Economics is a tricky thing to write about when you’re not an economist. One either ends up pleading ignorance on one’s own part and deferring to economists, or else making far too many amateur mistakes in reasoning to be taken seriously.* This is why I don’t often talk about the economic factors or implications of my political philosophies, and in fact focus my political philosophy on less controversial topics, like social solidarity as an antidote to crime and racism, arguing against the rationality of retributive justice, and all the political implications of the ecophilosophy project. You know, the easy stuff.
* Earlier this year, I read these two pithy articles by journalist Matthew Yglesias at Slate that write about economic issues reasonably well. Yet they do stay away from the details, and mostly focus on the daily problems of working people or the social and ideological disconnect between the super-elite of American society and everyone else who can’t afford multiple yachts.
So when Jean-Paul Sartre got into the tricky business of writing about economic ideas in the Critique of Dialectical Reason, I was a little worried he might go off the rails for a few chapters. While there isn’t a lot in these sections that has direct relevance to my ideas for the utopias project, there are a couple of interesting ideas.
One idea of his was to critique a notion that is, unfortunately, still prevalent in a lot of philosophical discussions and pretty big swaths of the general population: that the mathematical laws that scientific investigations discover about reality necessarily determine all action. Ian Hacking covered this territory about 40 years later in The Taming of Chance, showing how silly it is.
The traditional way of thinking about laws of nature goes like this. Scientists of various kinds work out mathematics that describe how the bodies central to their knowledge domains behave in various circumstances.
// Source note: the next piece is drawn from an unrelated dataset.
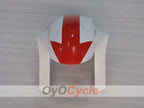 Front Fender Fairing For Honda 06-07 CBR1000RR #OYO87906833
We think of these mathematical systems as having always existed, and humans scientists discovered their existence. The laws existed separately from the bodies, the bodies and their movements being mere examples of the laws. Hacking showed that, at least in the case of statistical laws, this isn’t how the phenomena work. The laws are extrapolated from behaviour, and illustrate tendencies of motion for bodies of particular types. In other words, in the traditional deterministic picture, ontologically speaking, the laws come first and determine the behaviour. In the case of statistical laws, the behaviour comes first, and lets us extrapolate the laws.
Sartre is basically saying the same thing, except in the late 1950s instead of Hacking in the late 1990s, and it’s a passage in the middle of a 1400-page magnum opus. Except in Sartre’s case, he isn’t talking about statistical laws, but economics of supply and demand. The typical (or at least popular) way of thinking of this is that the law of supply/demand dynamics determines the development of prices on markets from the transcendent realm of mathematical law. But really, those dynamics are the effect of tendencies that occur when social bodies (humans, that is) buy and sell goods in an environment of resource scarcity.
There may be some inevitability that is very difficult to escape thanks to the nature of the bodies in question, but certainly no transcendent necessity.